A total of 128 players entered the tournament. Qualifying took place over three rounds, with higher ranked players given byes to later rounds. In qualifying round one, players seeded 65–96 faced those seeded 97–128. In qualifying round two, the 32 first-round winners played those seeded 33–64. In qualifying round three, the 32 second-round winners played the top 32 seeds. The third-round qualifying matches featuring players seeded 17–32 were played in Sheffield. The third-round qualifying matches featuring the top 16 seeds were held over and played at the main venue in Berlin.
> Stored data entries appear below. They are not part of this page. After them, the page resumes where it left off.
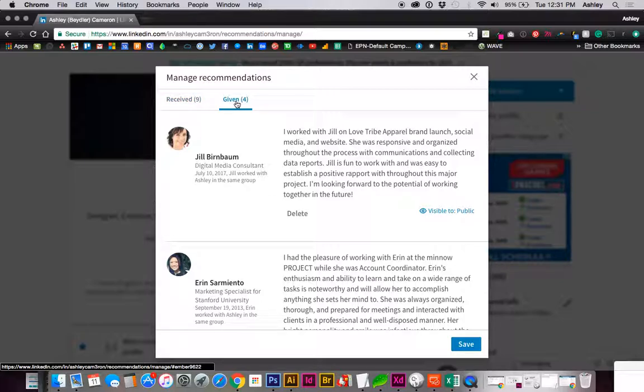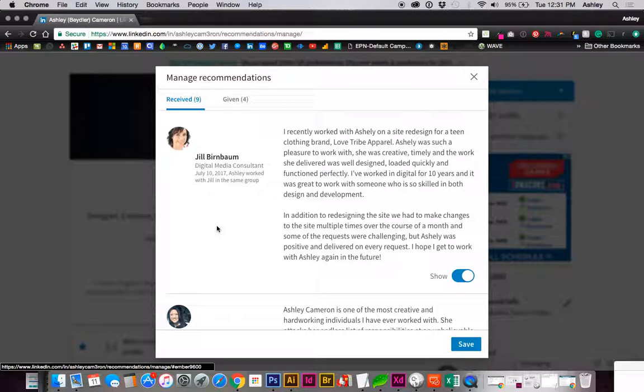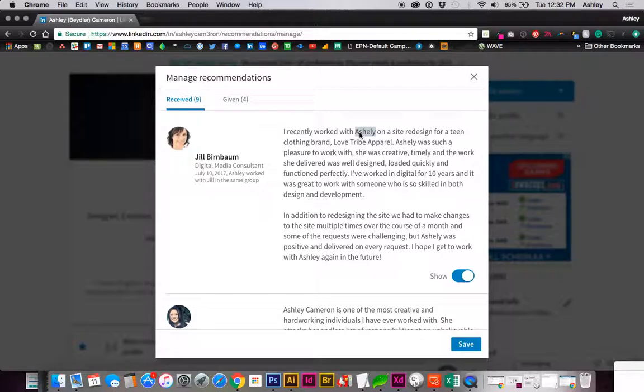So you cannot delete a recommendation that you've received. The person who has given you the recommendation must go in and delete this. So if you've received a recommendation with typos, let's say, you will have to request from the recommender that they delete and resend your recommendation.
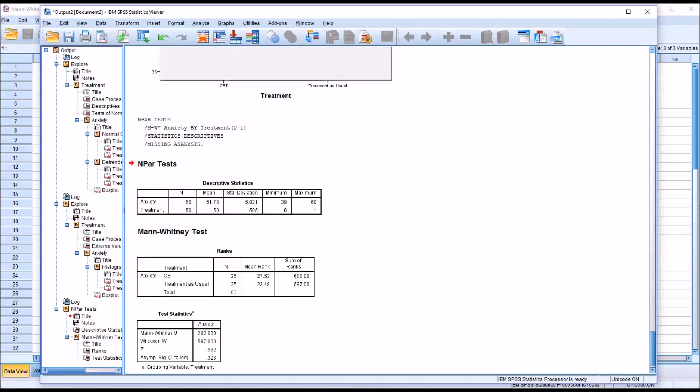I hope you found this video on testing the assumptions of the Mann-Whitney U-test in SPSS to be useful. As always, if you have any questions or concerns, feel free to contact me and I'll be happy to assist you. Thank you.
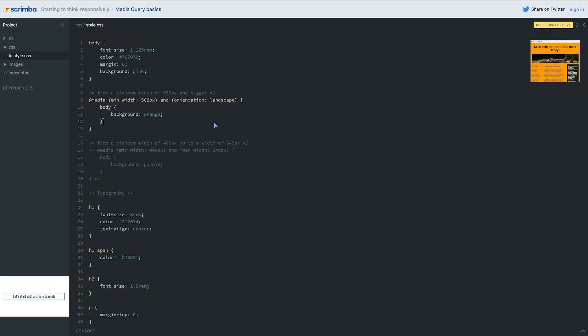Media queries are actually really, really powerful and you can do a whole bunch with them. What I'd really encourage you to do now is play around with what we have here. We're going to be using media queries a lot in the project from now on, but I'd like you to play around with them to make sure you're comfortable, because they're super important to understand. When you're feeling more comfortable, jump into the next video where we'll be applying all of this to the project we've been working on.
All matches up to and including the quarterfinals were played as the best of nine . The semifinals were the best of 11, and the final was a bestof19 frame match played over two .

=== Broadcasters ===
The qualifying matches played in Sheffield were broadcast in the United Kingdom, Germany, Italy, and Austria by Discovery+ and in other European territories by HBO Max. They were broadcast in mainland China by the CBSA‑WPBSA Academy WeChat Channel, the CBSA‑WPBSA Academy Douyin, Huya Live, and Migu. In all other territories (including Ireland) they were streamed by WST Play.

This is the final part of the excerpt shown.